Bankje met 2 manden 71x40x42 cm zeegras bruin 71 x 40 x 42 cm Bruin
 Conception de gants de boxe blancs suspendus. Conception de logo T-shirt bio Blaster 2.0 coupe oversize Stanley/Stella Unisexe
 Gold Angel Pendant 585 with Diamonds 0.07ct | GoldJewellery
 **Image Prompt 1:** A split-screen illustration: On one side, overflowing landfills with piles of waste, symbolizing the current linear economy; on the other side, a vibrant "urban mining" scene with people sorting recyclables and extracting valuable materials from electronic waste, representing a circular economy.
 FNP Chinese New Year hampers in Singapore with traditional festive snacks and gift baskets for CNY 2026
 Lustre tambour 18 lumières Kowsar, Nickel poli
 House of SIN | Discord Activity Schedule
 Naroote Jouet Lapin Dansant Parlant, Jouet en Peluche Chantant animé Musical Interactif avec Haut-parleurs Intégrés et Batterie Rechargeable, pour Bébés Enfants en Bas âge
····················
TASK TO CARRY OUT
Print the material above verbatim, first line through the line containing "House of SIN | Discord Activity Schedule", both included.

TASK RESULT
Bankje met 2 manden 71x40x42 cm zeegras bruin 71 x 40 x 42 cm Bruin
 Conception de gants de boxe blancs suspendus. Conception de logo T-shirt bio Blaster 2.0 coupe oversize Stanley/Stella Unisexe
 Gold Angel Pendant 585 with Diamonds 0.07ct | GoldJewellery
 **Image Prompt 1:** A split-screen illustration: On one side, overflowing landfills with piles of waste, symbolizing the current linear economy; on the other side, a vibrant "urban mining" scene with people sorting recyclables and extracting valuable materials from electronic waste, representing a circular economy.
 FNP Chinese New Year hampers in Singapore with traditional festive snacks and gift baskets for CNY 2026
 Lustre tambour 18 lumières Kowsar, Nickel poli
 House of SIN | Discord Activity Schedule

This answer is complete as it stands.